Как ты думаешь, почему наше кино даже не пытается говорить о проблеме сексуальности и о том, что и как ее формирует? Последний громкий фильм, где секс оказывается неотъемлемой частью драматургии,— «Про уродов и людей» Балабанова, 1998 год.
Мне было бы странно говорить за других. Возможно, им это не интересно. Возможно, то же презрительное отношение к телесности. При этом фильмов, сериалов и телепрограмм, где женщина показана как сексуальный объект, довольно много. А историй, где женщина субъект сексуальных отношений, я почти не знаю.
Мировое кино, впрочем, тоже наиболее активно обращалось к этой теме в 1990-е — та же Катрин Брейя, с которой «Верность» уже кто-то сравнил, свои самые громкие фильмы сняла тогда. А в нулевые место сексуальной трансгрессии на экране заняли размышления о атомизированном обществе, разобщенности, когда не то что про секс, а про погоду люди заговорить друг с другом не могут.

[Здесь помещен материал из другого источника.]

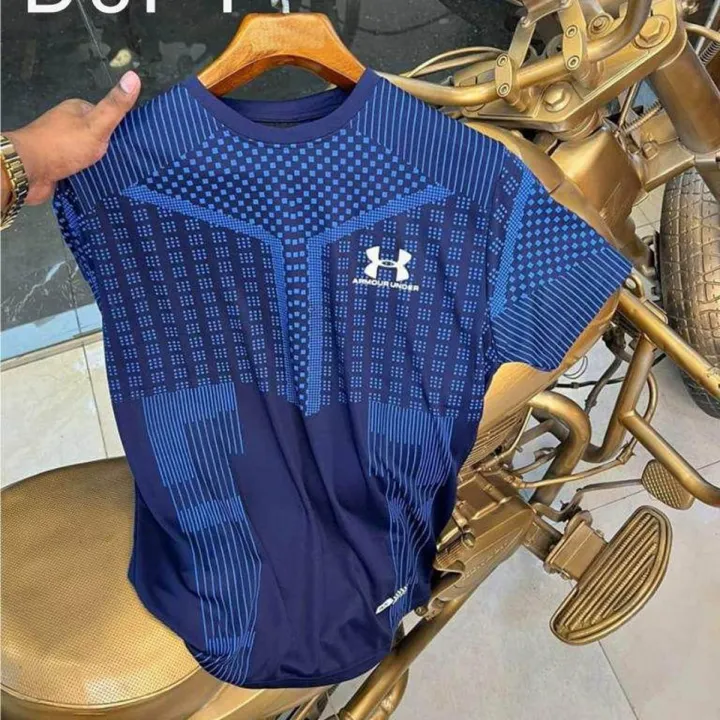 super%20china%20Mesh%20Fabric%20Jersey%20T%20shirt%20For%20Men%20-%20Image%202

Да, и теперь на волне сверхновой нравственности сексуальность оказывается снова чуть ли не табуирована. По некоторым реакциям на «Верность» у меня возникло ощущение, что раньше о сексе говорить было нельзя, потому что в СССР секса не было, и теперь снова нельзя, но уже по другим причинам. То есть мы как общество не прошли какой-то важный этап разговора про секс, не успели об этом поговорить друг с другом без нездорового возбуждения. И «Верность», как мне кажется, поднимает две важные темы: во-первых, показывает секс не как пространство стыдных удовольствий, а как сложный язык, существующий между людьми, а во-вторых, говорит о необходимости открытого разговора о сексуальности.
А какой процент зрителей, как тебе кажется, поймут, что «Верность» — это фильм не про женщину, которая изменяет мужу со всеми подряд, а про необходимость разговора, про выход из кризиса, про женскую чувственность?
Сложно сказать. Были и сюрпризы, и вполне реализовавшиеся прогнозы. Пятьдесят на пятьдесят, наверное. На «Кинотавре», где собирается профессиональная публика, меньше, чем мы ожидали, людей правильно восприняли фильм. На показе для обычного зрителя — наоборот. А в Сети, то самое количество — под моим интервью 200 гневных комментариев, где меня обвиняют в пропаганде распущенности, поэтому я готовлюсь к достаточно острой реакции.
Как, по-твоему, существует ли в России женское кино и чем оно отличается от мужского?
Существует. А чем отличается — сказать трудно. Может быть, в российском кино у женщин лучше получается показать секс?